Sociale zaken Arbeidsdeskundig rapport ook naar werkgever Vraagt uw werknemer een WIA- of Ziektewetuitkering aan, dan ontvangt u vanaf 1 januari 2014 ook het rapport van de arbeidsdeskundige. In dit rapport staat wat de arbeidsmogelijkheden van de werknemer zijn. Zo krijgt u inzicht in welke werkzaamheden de werknemer nog kan verrichten. Na twee jaar ziekte kan een werknemer een WIA-aanvraag doen bij UWV. De verzekeringsarts van UWV bepaalt dan of een werknemer nog kan werken. Komt de arts tot de conclusie dat de werknemer ondanks lichamelijke of psychische klachten (gedeeltelijk) kan werken, dan wordt de werknemer ook uitgenodigd voor een gesprek met een arbeidsdeskundige.
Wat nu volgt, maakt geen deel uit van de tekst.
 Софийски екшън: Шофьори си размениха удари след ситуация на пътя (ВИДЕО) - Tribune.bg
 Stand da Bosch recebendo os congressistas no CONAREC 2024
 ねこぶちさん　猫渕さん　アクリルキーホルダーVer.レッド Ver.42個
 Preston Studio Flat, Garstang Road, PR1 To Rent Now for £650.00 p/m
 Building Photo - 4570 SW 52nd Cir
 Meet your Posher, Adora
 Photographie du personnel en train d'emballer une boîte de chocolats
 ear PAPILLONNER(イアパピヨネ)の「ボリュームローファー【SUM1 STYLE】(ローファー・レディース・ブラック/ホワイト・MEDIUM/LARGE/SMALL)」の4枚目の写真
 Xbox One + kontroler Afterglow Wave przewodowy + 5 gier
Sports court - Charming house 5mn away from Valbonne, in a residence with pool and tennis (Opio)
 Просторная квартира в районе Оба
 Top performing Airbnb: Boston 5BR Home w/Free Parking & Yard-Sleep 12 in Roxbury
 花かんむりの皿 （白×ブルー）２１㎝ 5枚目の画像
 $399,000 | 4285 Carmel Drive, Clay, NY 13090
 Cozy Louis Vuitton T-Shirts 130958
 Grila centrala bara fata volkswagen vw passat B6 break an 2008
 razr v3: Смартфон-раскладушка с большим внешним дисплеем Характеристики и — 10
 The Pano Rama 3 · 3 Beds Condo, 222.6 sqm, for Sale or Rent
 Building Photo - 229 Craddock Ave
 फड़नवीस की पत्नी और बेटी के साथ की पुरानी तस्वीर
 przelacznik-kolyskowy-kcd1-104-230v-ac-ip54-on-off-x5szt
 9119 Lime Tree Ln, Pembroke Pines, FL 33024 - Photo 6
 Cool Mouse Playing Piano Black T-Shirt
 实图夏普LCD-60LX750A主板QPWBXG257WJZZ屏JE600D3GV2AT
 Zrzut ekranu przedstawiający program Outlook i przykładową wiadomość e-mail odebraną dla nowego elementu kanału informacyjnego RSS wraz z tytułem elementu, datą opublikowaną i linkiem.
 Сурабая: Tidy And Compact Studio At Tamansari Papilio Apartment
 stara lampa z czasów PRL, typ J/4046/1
Aan de hand van de beperkingen van de werknemer bekijkt de arbeidsdeskundige welk werk de werknemer wel en niet kan doen en wat dit betekent voor zijn inkomen. Hierna krijgen u en de werknemer bericht over zijn uitkering en re-integratiemogelijkheden. Alleen informatie over arbeidsmogelijkheden Vanaf 1 januari 2014 ontvangt u bij de beslissing over een WIA- of Ziektewetuitkering ook het rapport van de arbeidsdeskundige. In het rapport licht de arbeidsdeskundige de beslissing over de uitkering toe. Op die manier weet u op welke informatie de beslissing is gebaseerd. In het rapport staat geen medische informatie over de aard van de ziekte of de oorzaak van de beperkingen. Er wordt alleen in aangegeven wat de werknemer – gezien zijn beperkingen – nog voor arbeidsmogelijkheden heeft. Ledeninformatie januari 2014
Pagina 9 van 10
Werkplek aanpassen aan mogelijkheden werknemer Voor eigenrisicodragers is het erg belangrijk om te weten op welke informatie UWV zich baseert voor het vaststellen van de hoogte van de uitkering. Eigenrisicodragers draaien immers zelf op voor de kosten van een WGA- of Ziektewetuitkering. Maar ook als u niet voor het eigenrisicodragerschap heeft gekozen, is het belangrijk om te weten of de werknemer nog in zijn eigen functie aan de slag kan en of u aanpassingen moet doen aan de werkplek of de taken van de werknemer.